- _What to produce_
The part below that opens with the line containing "A bed or beds" and closes with the line containing "Lighting in a" should be copied exactly, minus any pictures.

- _Data shown_
# # # #

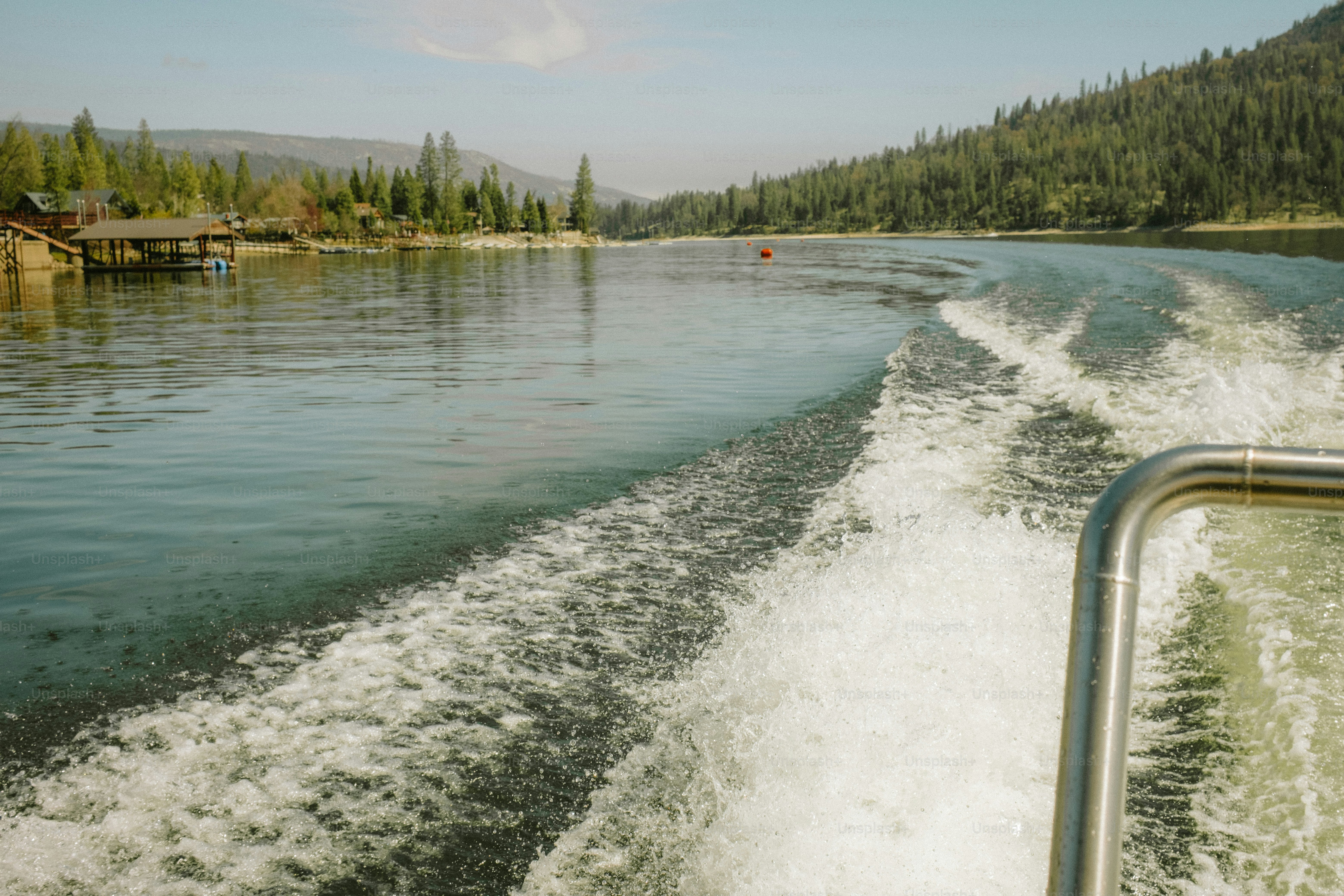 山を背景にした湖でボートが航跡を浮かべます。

# # # #

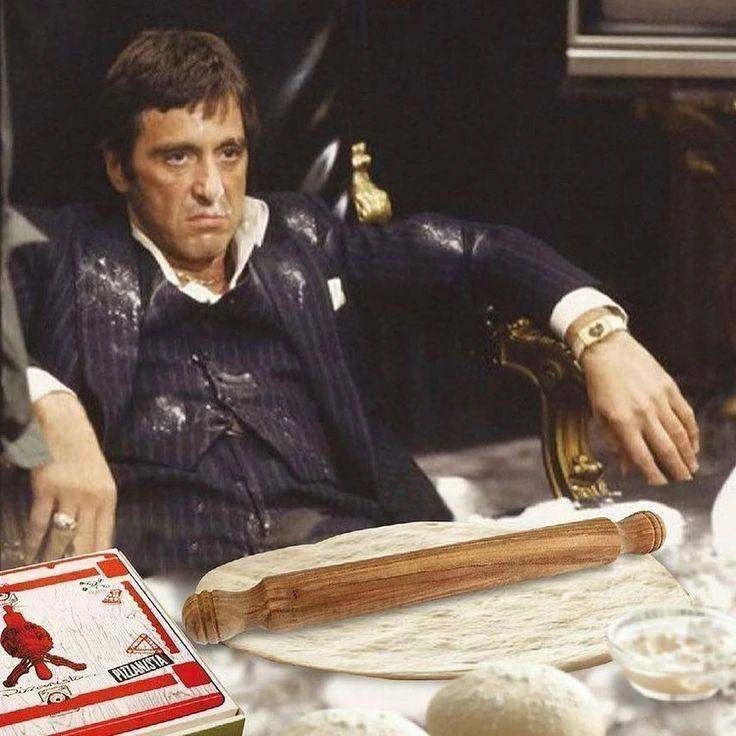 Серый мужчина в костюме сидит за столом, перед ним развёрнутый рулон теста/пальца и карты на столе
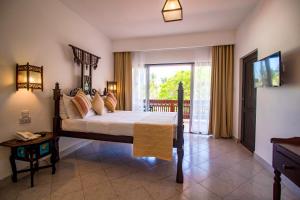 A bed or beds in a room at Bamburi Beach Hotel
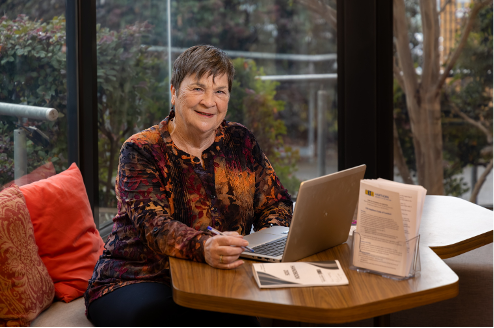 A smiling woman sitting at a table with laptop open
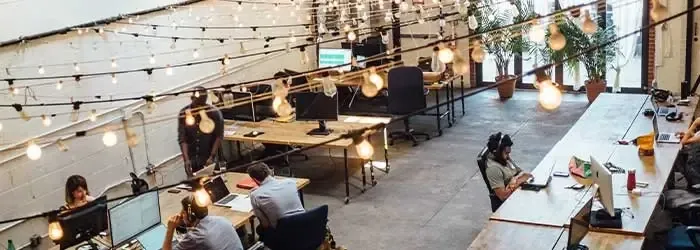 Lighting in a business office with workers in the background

# # # #

- _Solution for this task_
 A bed or beds in a room at Bamburi Beach Hotel
 A smiling woman sitting at a table with laptop open
 Lighting in a business office with workers in the background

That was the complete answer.